Keillor himself was raised in a fundamentalist Plymouth Brethren church, and like his attitude toward Lake Wobegonians in general, his memories of it are mixed. On one hand, he says, “I have many fond memories of growing up in the meeting. Of the gentleness of people, of the transparency of their faith, of their devotion to the Word and to Scripture study.” But, he says, “I don’t miss the humourlessness, the lure of legalism, or the snares of the invisible liturgy. . . . If the Pharisees were to come back, they’d come back as Brethren. Seeking the manners of godliness over the love of God, going through the motions, genuflecting in all the little ways Brethren do. This spirit of fearfulness is so contrary to the spirit of artistic freedom and joyfulness, whether in literature or music or painting, in which we aspire to transcend ourselves. I never met Brethren who felt that the arts were a gift of God. The Brethren I knew felt quite the opposite, that the arts were a pretense for individual pride.”

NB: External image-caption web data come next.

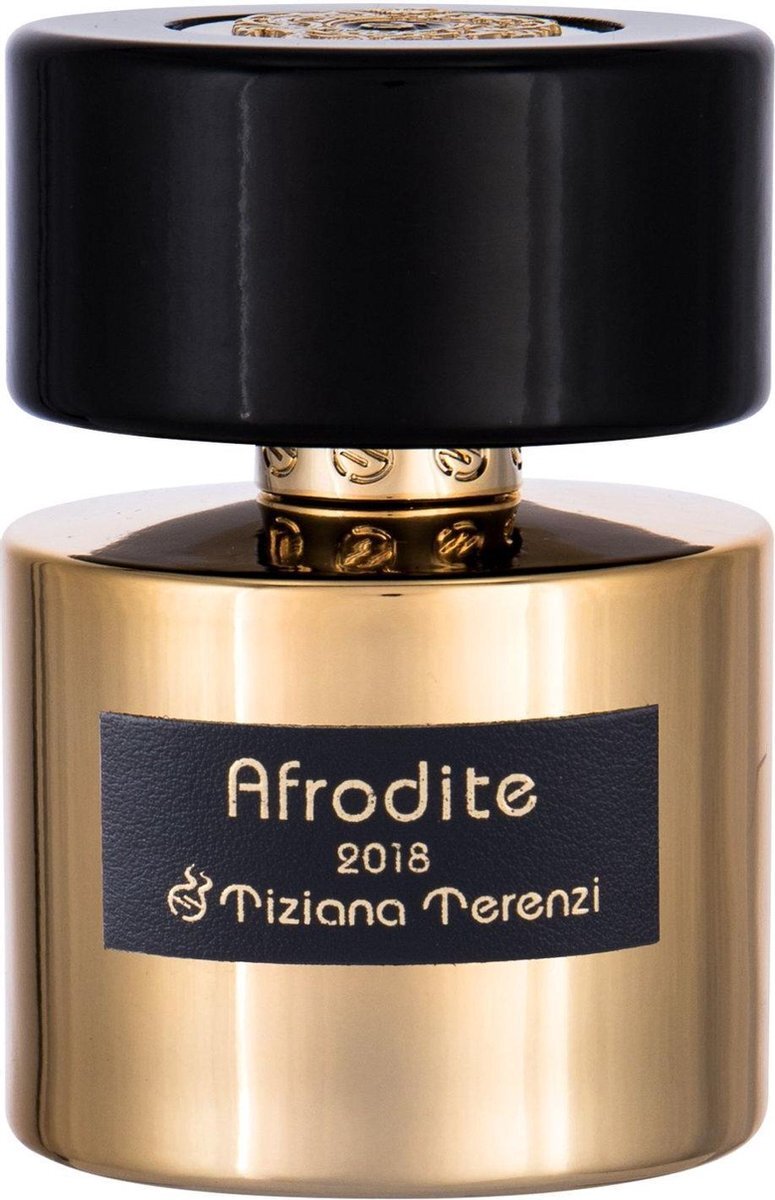 Tiziana Terenzi Afrodite Extrait de parfum 100 ml parfum / unisex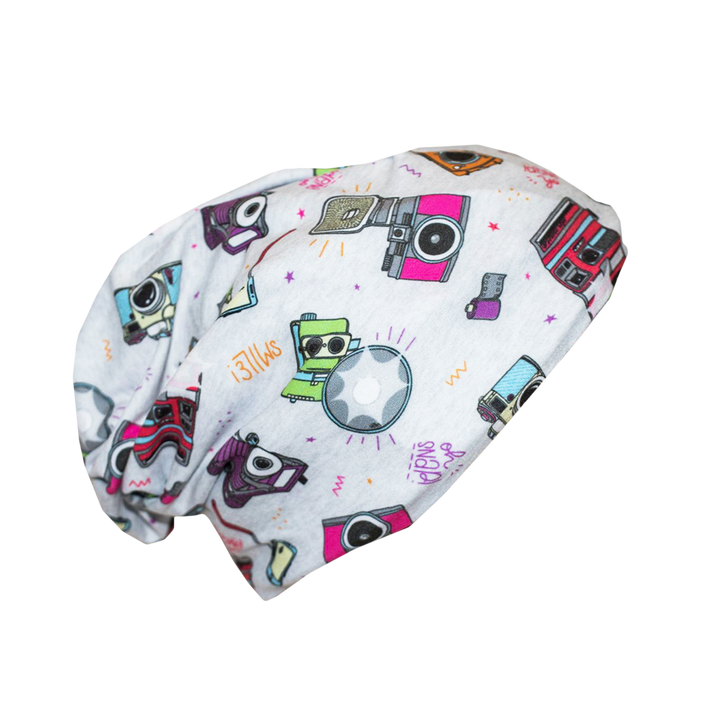 SECONDS - Beanies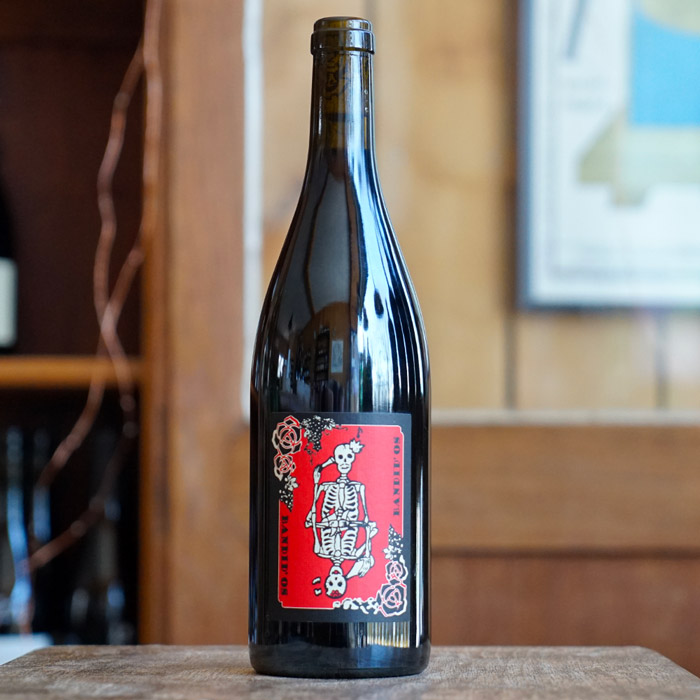 Bandid'os 2022 - Baptiste Cousin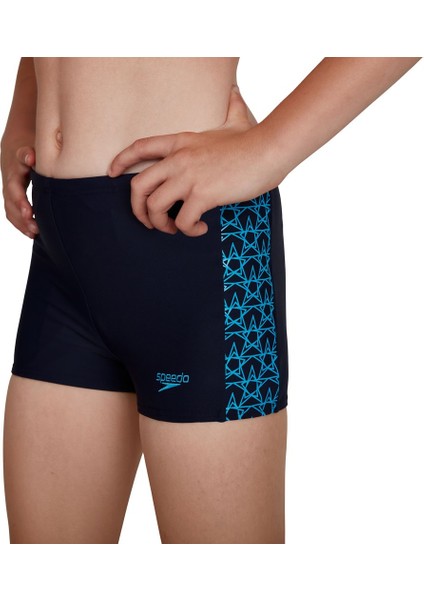 Boomstar Aquashort (Lacivert/mavi) fiyatları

For all his distaste for the culture of fundamentalism, though, Keillor says that he does believe in the Christian confession. “I believe in the propositions in the Apostles Creed that we stand and recite Sunday morning,” he says.
The church in Lake Wobegon reflects this disparity. On one hand, it’s full of the kinds of petty foibles that typify Keillor’s characters, and the churchgoers’ hypocrisy and smallmindedness is often a target of his humor. But it’s also the place Keillor returns again and again in his stories to find transcendence, and his knowledge of and love for the gospel and the Scriptures pervade his stories. “Our show, deep down in its heart, is a gospel show,” he has said. One place we hear this is in the gospel songs that Keillor frequently sings on A Prairie Home Companion, which he clearly knows and loves so well. Another recent “News from Lake Wobegon” segment ends with an impromptu singalong of gospel songs and Christmas carols around a backyard campfire. It’s a complex moment, fully aware of how clichéd it is, and of how small and provincial its world is—and yet, as Keillor bursts into song onstage, the beauty of the moment overshadows all this, and the conviction and love in his voice are unmistakable.
Keillor had no interest in presenting a scrubbed and gleaming version of the church and its people to the world; if anything, his stories tend in the opposite direction. But behind his show’s quaint, Midwestern trappings, and behind its often dark and cynical underpinnings—deep down in its heart—is a genuine belief in the church’s grace and transcendence. It’s the kind of belief than can withstand Keillor’s annoyance with the frequent humorlessness, legalism, and hypocrisy of the church.
G. K. Chesterton said in a lecture that “it is the test of a good religion whether you can joke about it.” Keillor’s humor has long resonated with Christians who are acutely aware of the tension between their faith and its clichéd, often embarrassing cultural accouterments. We need to be able to look squarely at them—even poke fun at them—and still believe.